American musician (born 1955)

Charles Earl "Charley" Wilkinson III (born October 4, 1955) is an American professional musician. He has been a member of the National Symphony Orchestra in Washington, D.C., since 1979, where he currently performs as the assistant principal timpanist, and is a key part of the percussion section. He earned his B.A. at the Cleveland Institute of Music in 1977 and his M.A. in 1978. He was also appointed associate adjunct professor of percussion at Kent State University in 1978, until his departure in 1979.

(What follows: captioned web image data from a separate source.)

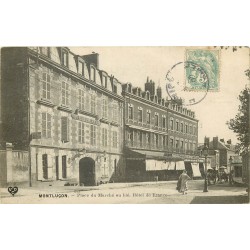 03 MONTLUCON. Hôtel de France Place du Marché au blé 1906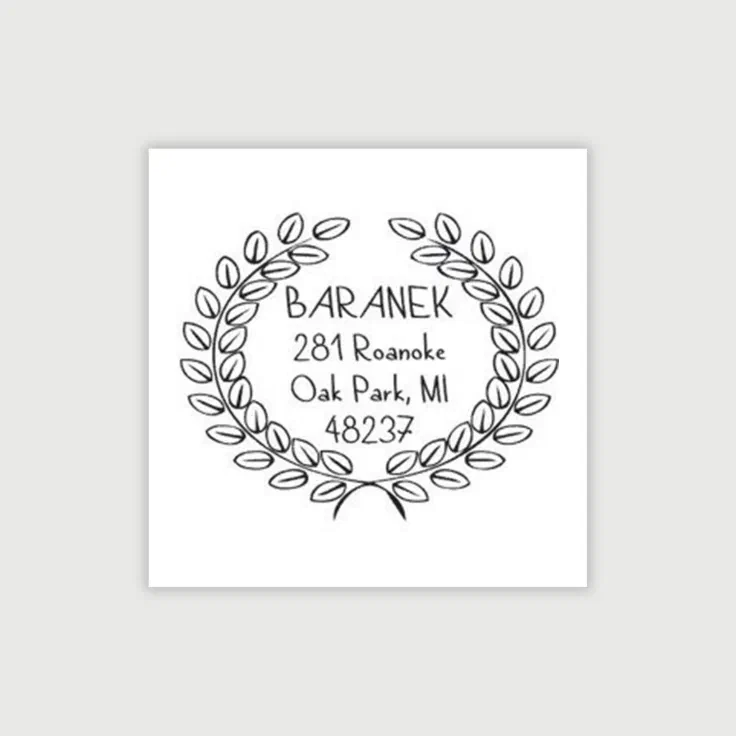 Personalized Custom Name and Address Embosser Zazzle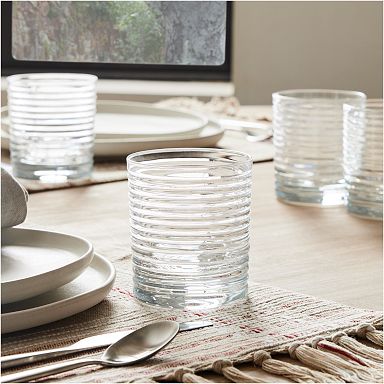 Clear Simplicity Double Old Fashion Glass | Mariposa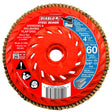 Diablo DCX045060B01F 4-1/2" Steel Demon Flap Disc 60 Grit - with Speed Hub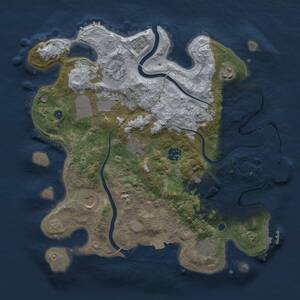 Thumbnail Rust Map: Procedural Map, Size: 3500, Seed: 1539025632, 15 Monuments
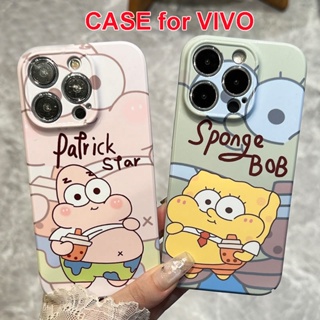 เคสโทรศัพท์มือถือแบบแข็ง ลายสพันจ์บ็อบ สแควร์แพนท์ แฟชั่น สําหรับ VIVO T2X V20Pro V23 V23Pro V23e V25Pro V27 V27e X30 X50 X60 X70 X80 X90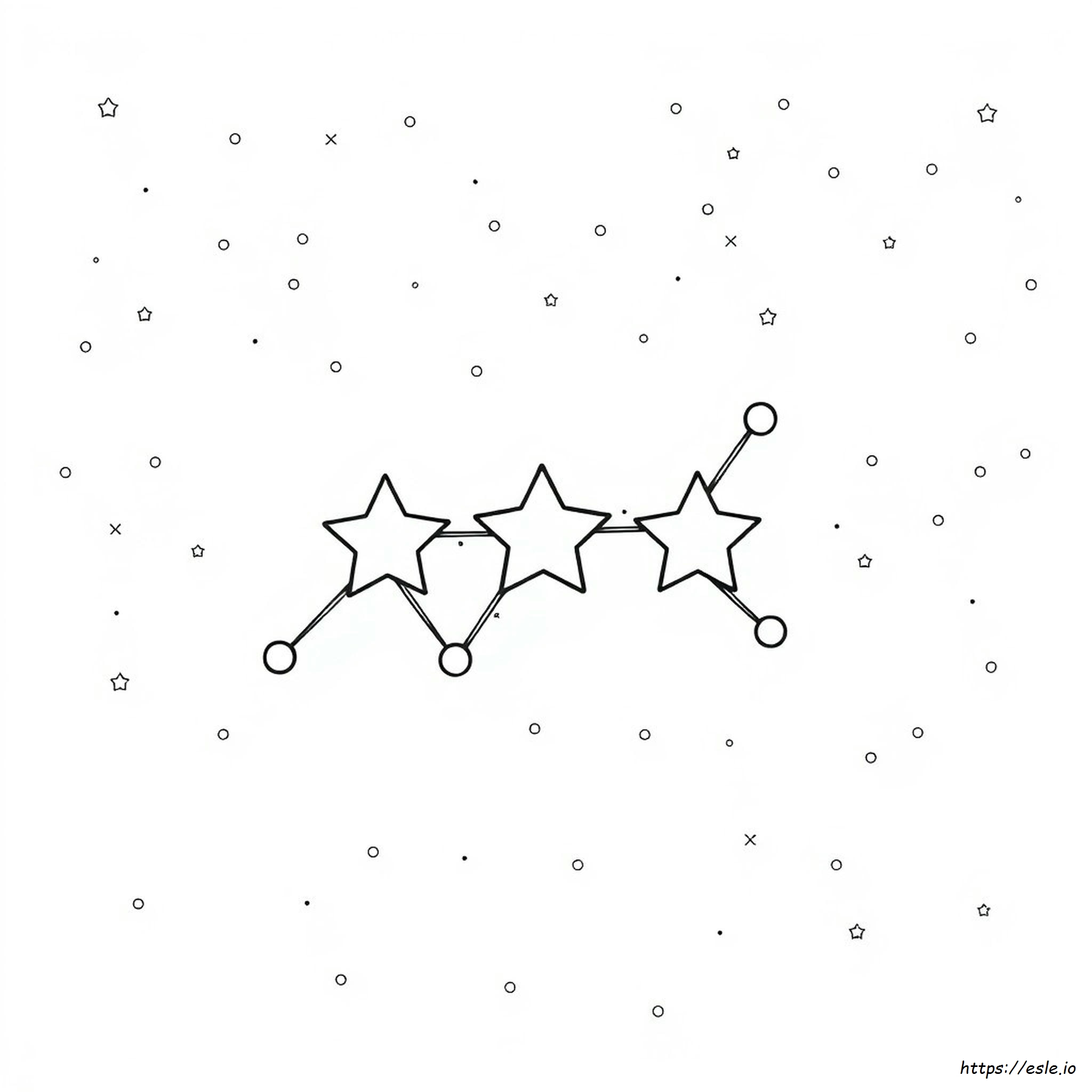 Orion Constellation Coloring Page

After his tenure at Kent State, Wilkinson joined the National Symphony Orchestra in 1979 as a percussionist and assistant principal timpanist. Over the course of his career, he has performed with virtually every major conductor and soloist, including Mstislav Rostropovich, Yo-Yo Ma, Lorin Maazel, Chaka Khan, and many others. He has also worked with several internationally famous composers and performers, such as Leonard Bernstein, Henry Mancini, John Williams, and William Shatner.

==Early life==
Wilkinson was born on October 4, 1955, to Charles Earl Wilkinson II, a World War II veteran, and Mary Elizabeth Itsell. He and his sister Mary Ann, four years his senior, were born and raised in Howell, Michigan, then a very agricultural area outside of Brighton. Both he and his sister were brought up playing music, with both of them learning to play piano for a young age. Eventually, both excelled in percussion. Mary Ann attended and graduated from the Interlochen Center for the Arts in 1969. Charley followed her footsteps and graduated from the same school in 1973.
Following his graduation from Interlochen, he enrolled in the Cleveland Institute of Music. He completed his Bachelor of Music degree in 1977 and his Master of Music degree in 1978.